> **WHAT YOU HAVE TO DO**: Return all of the lines below exactly as they are.

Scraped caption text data
..............................

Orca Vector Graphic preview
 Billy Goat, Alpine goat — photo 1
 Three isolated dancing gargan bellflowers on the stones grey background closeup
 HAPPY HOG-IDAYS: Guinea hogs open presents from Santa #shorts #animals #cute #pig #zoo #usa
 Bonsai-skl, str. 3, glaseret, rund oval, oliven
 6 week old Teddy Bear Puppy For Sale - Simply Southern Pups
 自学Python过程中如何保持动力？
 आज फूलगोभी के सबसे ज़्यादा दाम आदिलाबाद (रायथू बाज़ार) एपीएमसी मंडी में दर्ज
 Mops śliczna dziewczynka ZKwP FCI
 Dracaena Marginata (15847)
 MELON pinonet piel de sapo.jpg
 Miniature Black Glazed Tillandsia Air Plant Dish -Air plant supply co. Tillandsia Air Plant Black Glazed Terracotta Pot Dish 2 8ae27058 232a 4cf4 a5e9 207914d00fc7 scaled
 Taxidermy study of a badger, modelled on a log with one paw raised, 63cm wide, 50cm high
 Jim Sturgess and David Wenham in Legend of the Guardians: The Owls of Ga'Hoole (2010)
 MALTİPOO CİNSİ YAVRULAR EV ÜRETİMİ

..............................

> **OUTPUT OF THE TASK**:
Orca Vector Graphic preview
 Billy Goat, Alpine goat — photo 1
 Three isolated dancing gargan bellflowers on the stones grey background closeup
 HAPPY HOG-IDAYS: Guinea hogs open presents from Santa #shorts #animals #cute #pig #zoo #usa
 Bonsai-skl, str. 3, glaseret, rund oval, oliven
 6 week old Teddy Bear Puppy For Sale - Simply Southern Pups
 自学Python过程中如何保持动力？
 आज फूलगोभी के सबसे ज़्यादा दाम आदिलाबाद (रायथू बाज़ार) एपीएमसी मंडी में दर्ज
 Mops śliczna dziewczynka ZKwP FCI
 Dracaena Marginata (15847)
 MELON pinonet piel de sapo.jpg
 Miniature Black Glazed Tillandsia Air Plant Dish -Air plant supply co. Tillandsia Air Plant Black Glazed Terracotta Pot Dish 2 8ae27058 232a 4cf4 a5e9 207914d00fc7 scaled
 Taxidermy study of a badger, modelled on a log with one paw raised, 63cm wide, 50cm high
 Jim Sturgess and David Wenham in Legend of the Guardians: The Owls of Ga'Hoole (2010)
 MALTİPOO CİNSİ YAVRULAR EV ÜRETİMİ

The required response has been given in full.